Linan mendengus pelan, "Tenang saja, aku sudah bilang akan ganti rugi, pasti aku ganti. Yu Yang, berikan kontak perusahaan pada dia."

"Siap!"

Yu Yang segera mengeluarkan kartu nama dan menyerahkannya ke tangan Xie Qing.

"Alamat dan nomor telepon perusahaan kami ada di sini. Kapan saja kau mau menagih ganti rugi mobil-mobil itu, kami siap membayar." Yu Yang berhenti sejenak, lalu tersenyum sinis, "Tentu saja, itu kalau ayahmu Xie Datong cukup berani untuk datang menagih."

"...Maksudmu apa?" Nada suara Yu Yang yang penuh makna membuat Xie Qing memandang Linan dengan tidak percaya.

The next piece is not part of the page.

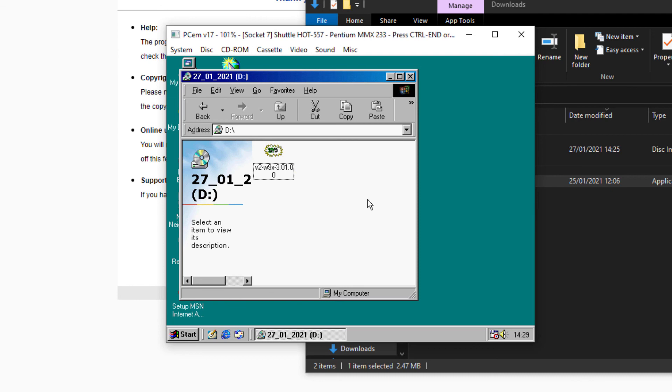So that was a pretty short video and there's not a great deal more to say, so we're going to leave it there. But I will say that this PCM Windows 98 with Voodoo 2 acceleration video is coming. I've recorded most of it. I'm kind of at the editing stage but it's still quite a bit of work.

"Tidak ada maksud lain, tanya saja pada ayahmu di rumah, mungkin dia akan sedikit mengerti," Linan tersenyum dingin.

Setelah berbagai pengalaman beberapa hari ini, Linan sudah cukup memahami kekuatan keluarganya sendiri. Bahkan tokoh besar seperti Lu Jianghai pun tunduk pada keluarganya, apalagi keluarga Xie yang hanya perusahaan puluhan miliar.

Keluarga seperti Xie bahkan mungkin tidak pantas berbicara dengan keluarganya!

Kini, para siswa di sekitar sudah benar-benar gempar, pandangan mereka ke arah Linan penuh keterkejutan.

Bahkan Xie Datong dari Grup Xie saja tak dianggap. Siapa sebenarnya pemuda ini!